Ford, a citizen of the Cherokee Nation of Oklahoma, offers a novel in short stories, allowing her to move with ease through perspectives, history and time. Each heartbreaking chapter slowly adds to the reader’s understanding of these women and their increasingly difficult lives.
It’s the content of those lives that sets Ford’s novel apart. Granny, Lula, Justine and Reney are fictional Cherokee women, yes—but, like real Indigenous women, they have been deeply affected by colonization and assimilation. Readers who are looking for a literary version of an Edward S. Curtis painting will be disappointed; Crooked Hallelujah isn’t an opportunity for non-Cherokee readers to get an inside look at Cherokee culture. Which is entirely the point.
Indigenous people have always been more than the stereotypes American letters have written us to be. In Ford’s world, as in ours, Christianity has been forced on Indigenous communities for centuries—whether through early missionaries who believed being Indigenous was synonymous with being a devil-worshipping heretic, or through government-mandated, church-run Indian boarding schools that separated Indigenous children from their families, then stripped them of their language and culture. The Cherokee women of Crooked Hallelujah have had their Cherokee language and culture stripped from them too—casualties of other apocalypses their community has had to survive.
That doesn’t make them any less Indigenous. Their experiences of intergenerational trauma, poverty, violence, self-loathing, religion and forced assimilation are well known to the Indigenous people for whom Ford so clearly and lovingly wrote this book.
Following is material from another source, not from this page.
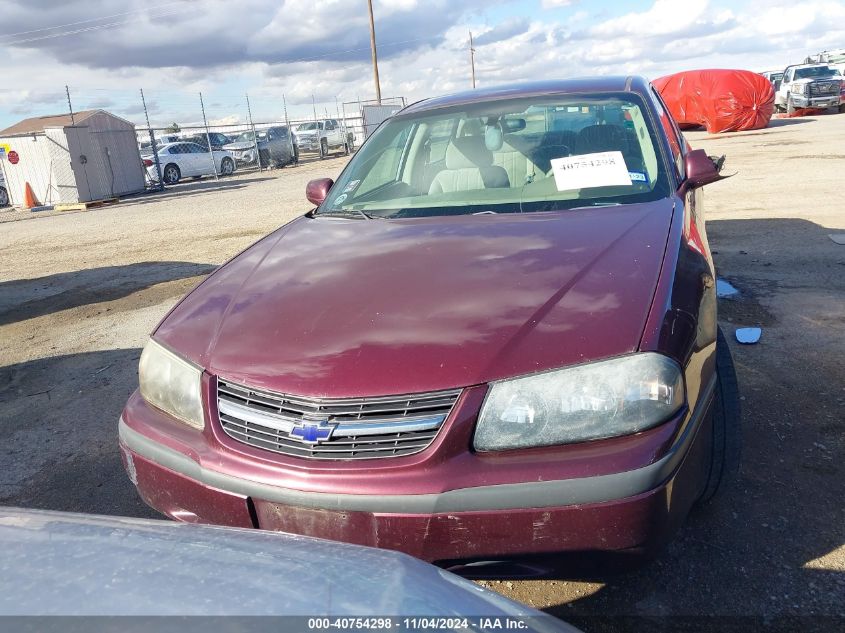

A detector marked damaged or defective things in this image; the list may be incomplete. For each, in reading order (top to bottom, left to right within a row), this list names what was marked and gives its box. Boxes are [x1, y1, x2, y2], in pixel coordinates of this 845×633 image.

dented hood [157, 202, 672, 398]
As are their experiences of self-discovery, love, joy and, ultimately, release. “Like a big old baby, I hurt for the little girl I was and wonder who she could have been without the Bible, without sickness, without so much by-God loss,” Justine says at one point, speaking not only to the experiences of Indigenous people but perhaps to all of us. “But without the things that make us who we are,” she continues, “we’re nothing, I reckon.”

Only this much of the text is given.